Егор ничего не отвечает и двигается. Он выглядит задумчивым и потерянным, и Льву это его выражение нравится. Интересно, как он будет выглядеть, если возбудится?
— Не поджимай губы и расслабься. Я знаю, что делаю, — вырывается против воли, Лев ругает свои привычки и расцепляет их пальцы, чтобы почти нежно провести ладонью по челюсти Егора и погладить впалую щеку. Егор хмурится, ещё бы он не хмурился, но ничего не делает. Выжидает.
“Что ж, молчание, — тоже своего рода согласие,” — заключает Лев и прижимается к губам Егора снова.
Поделиться52020-02-23 01:02:51
Не то, чтобы Егор не ожидал, что Лев согласится – когда он начинал разговор о чём угодно, он был готов к любым последствиям. Нельзя быть главой дисциплинарного комитета и не уметь отвечать за свои слова. Но вот инициативности от Потёмкина он не предполагал совершенно. Полисексуален, неожиданно вспомнил он термин, которым давно, еще в начале активной половой жизни Льва описал своего соседа. Полисексуален и абсолютно, бесповоротно, бесперспективно аромантичен – иначе как ему позволяла совесть менять партнёров с частотой смены кадров киноплёнки.

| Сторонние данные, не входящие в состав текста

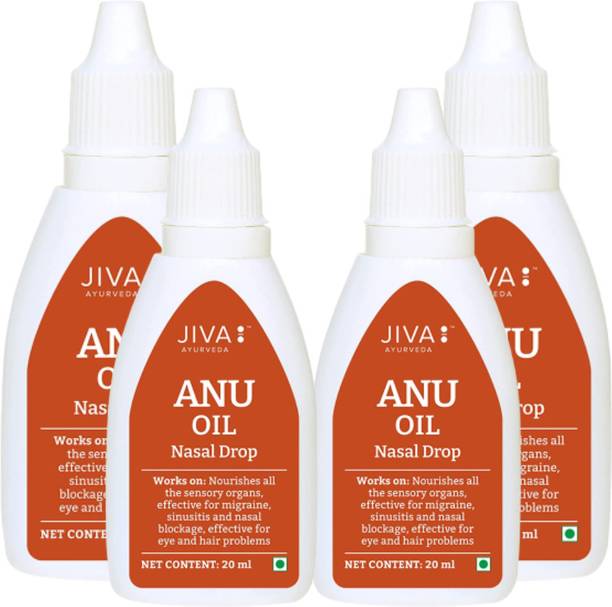 JIVA Anu Oil - Anu Tail - 20 ml Each Pure Herbs Used, Unblocks Nasal Congestion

И сейчас, наблюдая как лицо Льва неумолимо приближалось к его собственному, Егор не мог не думать, что возможно, возможно, именно этот разговор начинать не стоило. Иррациональный страх сводил живот, – а Егор избегал всего, что подходило под описание "иррациональный", – мысли не успевали друг за другом, и ему словно перекрыли кислород. Короткие, частые вдохи не помогали избавиться от ощущения вакуума вокруг него, а вдохнуть глубже никак не получалось. Гордость не позволяла страху просочиться в глаза Егора, но если бы Лев знал его хотя бы на толику лучше, он бы заметил. Лев не знал.

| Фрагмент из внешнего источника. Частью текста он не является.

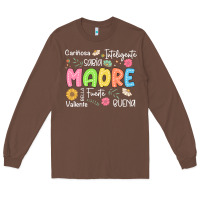 Chestnut madre spanish mothers day Long Sleeve Tee - JahusDesignShop
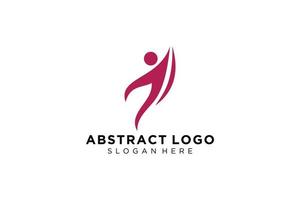 vector abstract mensen en familie logo verzameling, mensen pictogrammen, Gezondheid logo sjabloon, zorg symbool.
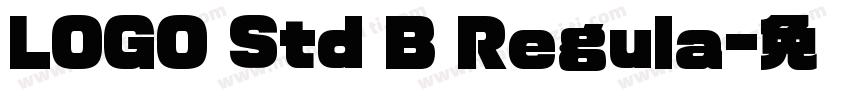 LOGO Std B Regula字体转换
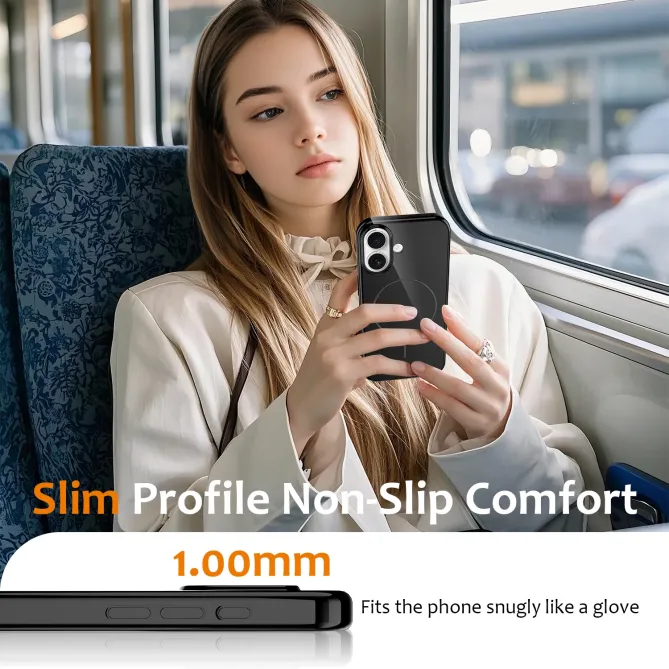 Coque iPhone 17 Brillante MagSafe avec Lanière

— Я сейчас тебя поцелую, постарайся не тупить, — слышит Егор голос Потёмкина словно через толстую бетонную стену, хотя между их лицами едва ли миллиметры.
Егору хочется оттолкнуть парня, вырваться из ловушки, в которую он загнал себя сам, остановить всё, пока не стало слишком– Поздно. На пересохших от частых вдохов губах ощущается непривычное давление, и он напрягается всем телом, непроизвольно сжимая кулаки и челюсть, сводит колени, прижимая ноги друг к другу по всей длине, и застывает, не в силах заставить себя пошевелиться. Даже взгляд упирается в одну точку, и хочется моргнуть, сбросить наваждение, но команды мозга теряются где-то на еще на выходе из центральной нервной системы.

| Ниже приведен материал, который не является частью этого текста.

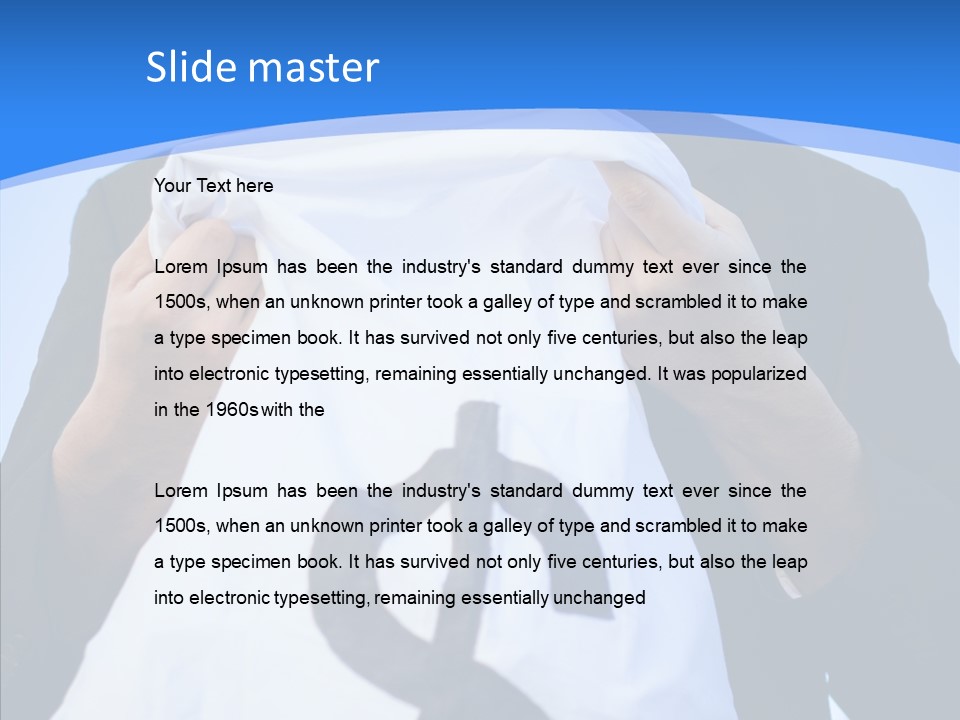 Portrait Person Capital PowerPoint Template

Спустя, кажется, вечность, а на деле вряд ли дольше мгновения, Лев отстраняется и Егор почти, почти выдыхает, но на его губах снова давление, и в этот раз куда сильнее. Осознание окружающего наконец доминирует над страхом, и с губ срывается острый, грубый выдох, а тело двигается – едва заметно, но натянутая струна его нервов слабеет, и голова обессилено падает набок. Лев, вероятно, засчитывает победу себе, потому что иначе объяснить его ладонь поверх плеча Егора нельзя. Ну и пусть думает, что хочет, Марков ему потом всё равно выскажет всё, что он об этом думает – а думает он многое.
Тепло руки и едва ощутимые поглаживания ощущаются по-идиотски – Егору ежедневно жмут руку, и к касаниям он давно уже привык, но конкретно вот так, как будто бы нежно, так его никто не трогает. Он теряется, не понимая, как должен реагировать, но ладонь расслабляется вне зависимости от его размышлений – касание Льва приятно.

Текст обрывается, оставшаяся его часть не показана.